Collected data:
::::::

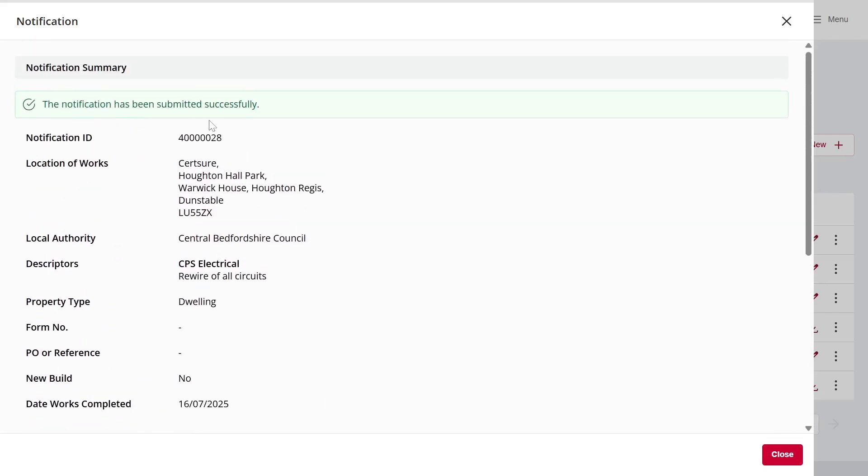The notification is then automatically submitted to the local authority overnight. So, that's one method of submitting a notification.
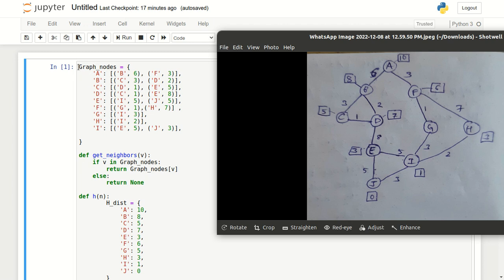Initially, we create a dictionary called graph nodes. We just see the diagram and we create a key for every node in the graph given. For every node we specify the neighbor nodes along with the distance from that particular node. From A, we have two neighbors: B and F. B will have the distance 6 as given in the diagram, and F will have the distance 3. Graph nodes is a dictionary where A is a key and its value is a Python list.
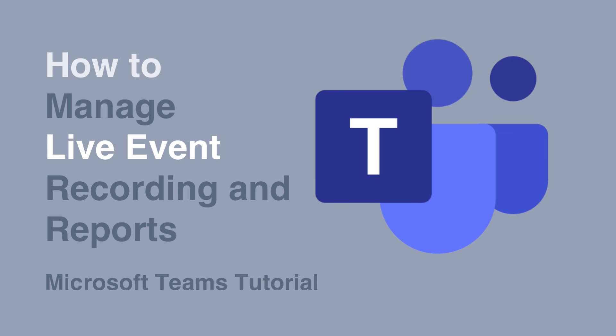Welcome to Collaboration Coach. In this video I'm going to talk about Microsoft Teams live events and how to get the reports and the recording after you've had the live event.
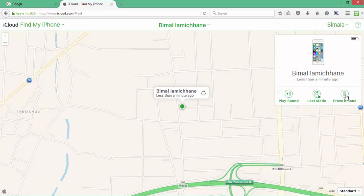And erase iPhone is the case where you are completely sure you have lost your iPhone. You can remotely erase all your iPhone's data from iCloud itself.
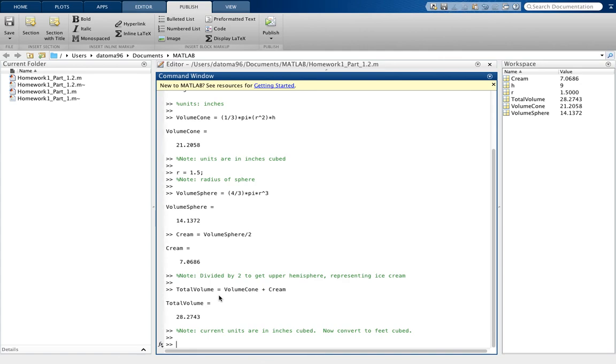Because the given information specified that 10 gallons occupy 6.5 feet cubed, now we're going to want to convert our units, our calculated value, into cubic feet.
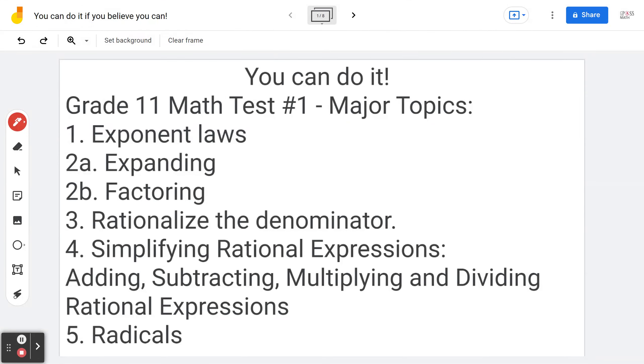You can do it if you believe you can. Hi, everyone. Let's take a look at the following grade 11 math major topics.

::::::

The problem:
Print each entry exactly, leaving pictures out.

Written answer:
The notification is then automatically submitted to the local authority overnight. So, that's one method of submitting a notification.
Initially, we create a dictionary called graph nodes. We just see the diagram and we create a key for every node in the graph given. For every node we specify the neighbor nodes along with the distance from that particular node. From A, we have two neighbors: B and F. B will have the distance 6 as given in the diagram, and F will have the distance 3. Graph nodes is a dictionary where A is a key and its value is a Python list.
Welcome to Collaboration Coach. In this video I'm going to talk about Microsoft Teams live events and how to get the reports and the recording after you've had the live event.
And erase iPhone is the case where you are completely sure you have lost your iPhone. You can remotely erase all your iPhone's data from iCloud itself.
Because the given information specified that 10 gallons occupy 6.5 feet cubed, now we're going to want to convert our units, our calculated value, into cubic feet.
You can do it if you believe you can. Hi, everyone. Let's take a look at the following grade 11 math major topics.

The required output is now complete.